Filter the material below so that only lines containing "Building" remain.

* _Material supplied_
☆ ☆ ☆ ☆ ☆

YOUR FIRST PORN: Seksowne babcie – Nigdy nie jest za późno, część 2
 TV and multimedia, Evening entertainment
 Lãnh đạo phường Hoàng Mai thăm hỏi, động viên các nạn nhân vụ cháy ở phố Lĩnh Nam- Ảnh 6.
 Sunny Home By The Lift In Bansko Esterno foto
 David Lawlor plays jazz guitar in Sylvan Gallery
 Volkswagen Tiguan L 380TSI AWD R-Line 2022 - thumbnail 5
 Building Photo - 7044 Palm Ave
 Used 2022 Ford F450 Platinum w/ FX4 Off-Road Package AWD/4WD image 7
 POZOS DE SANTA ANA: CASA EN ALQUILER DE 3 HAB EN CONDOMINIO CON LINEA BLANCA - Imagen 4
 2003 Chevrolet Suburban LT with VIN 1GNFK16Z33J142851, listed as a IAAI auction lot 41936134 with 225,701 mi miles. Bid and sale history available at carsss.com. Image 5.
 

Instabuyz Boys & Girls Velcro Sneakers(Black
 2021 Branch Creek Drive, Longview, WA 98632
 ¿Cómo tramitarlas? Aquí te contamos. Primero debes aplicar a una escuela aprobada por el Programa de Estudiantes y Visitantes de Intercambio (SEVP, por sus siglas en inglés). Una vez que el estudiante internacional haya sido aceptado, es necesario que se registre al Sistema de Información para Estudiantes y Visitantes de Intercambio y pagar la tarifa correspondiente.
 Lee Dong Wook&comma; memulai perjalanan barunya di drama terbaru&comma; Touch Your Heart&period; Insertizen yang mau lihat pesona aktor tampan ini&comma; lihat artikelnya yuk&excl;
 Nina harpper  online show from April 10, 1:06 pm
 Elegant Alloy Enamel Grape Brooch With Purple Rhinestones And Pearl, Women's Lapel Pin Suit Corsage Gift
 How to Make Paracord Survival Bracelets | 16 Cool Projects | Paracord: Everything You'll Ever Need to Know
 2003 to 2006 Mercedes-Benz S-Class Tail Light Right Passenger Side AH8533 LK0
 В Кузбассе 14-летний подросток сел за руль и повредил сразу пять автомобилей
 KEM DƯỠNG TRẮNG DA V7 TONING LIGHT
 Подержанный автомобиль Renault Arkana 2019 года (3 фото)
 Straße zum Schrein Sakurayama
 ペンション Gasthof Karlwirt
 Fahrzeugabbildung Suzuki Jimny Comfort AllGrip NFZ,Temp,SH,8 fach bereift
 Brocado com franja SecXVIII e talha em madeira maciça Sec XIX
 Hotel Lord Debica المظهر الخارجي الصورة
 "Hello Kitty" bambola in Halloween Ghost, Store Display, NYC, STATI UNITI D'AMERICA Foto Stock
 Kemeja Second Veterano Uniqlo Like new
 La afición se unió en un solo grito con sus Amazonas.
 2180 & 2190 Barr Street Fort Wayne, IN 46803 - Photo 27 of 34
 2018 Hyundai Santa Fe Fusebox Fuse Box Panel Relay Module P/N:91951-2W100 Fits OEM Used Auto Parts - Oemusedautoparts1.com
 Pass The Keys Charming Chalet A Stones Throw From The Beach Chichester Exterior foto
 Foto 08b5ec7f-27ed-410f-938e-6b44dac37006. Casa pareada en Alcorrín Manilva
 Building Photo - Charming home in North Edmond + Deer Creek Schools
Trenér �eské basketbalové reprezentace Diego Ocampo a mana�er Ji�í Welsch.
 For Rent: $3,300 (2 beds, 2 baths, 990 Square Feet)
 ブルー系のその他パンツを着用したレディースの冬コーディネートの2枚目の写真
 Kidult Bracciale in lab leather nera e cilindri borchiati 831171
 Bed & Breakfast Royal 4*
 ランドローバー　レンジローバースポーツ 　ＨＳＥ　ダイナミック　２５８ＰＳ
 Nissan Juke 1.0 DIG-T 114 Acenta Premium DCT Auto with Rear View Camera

☆ ☆ ☆ ☆ ☆

* _Exercise solution_
 Building Photo - 7044 Palm Ave
 Building Photo - Charming home in North Edmond + Deer Creek Schools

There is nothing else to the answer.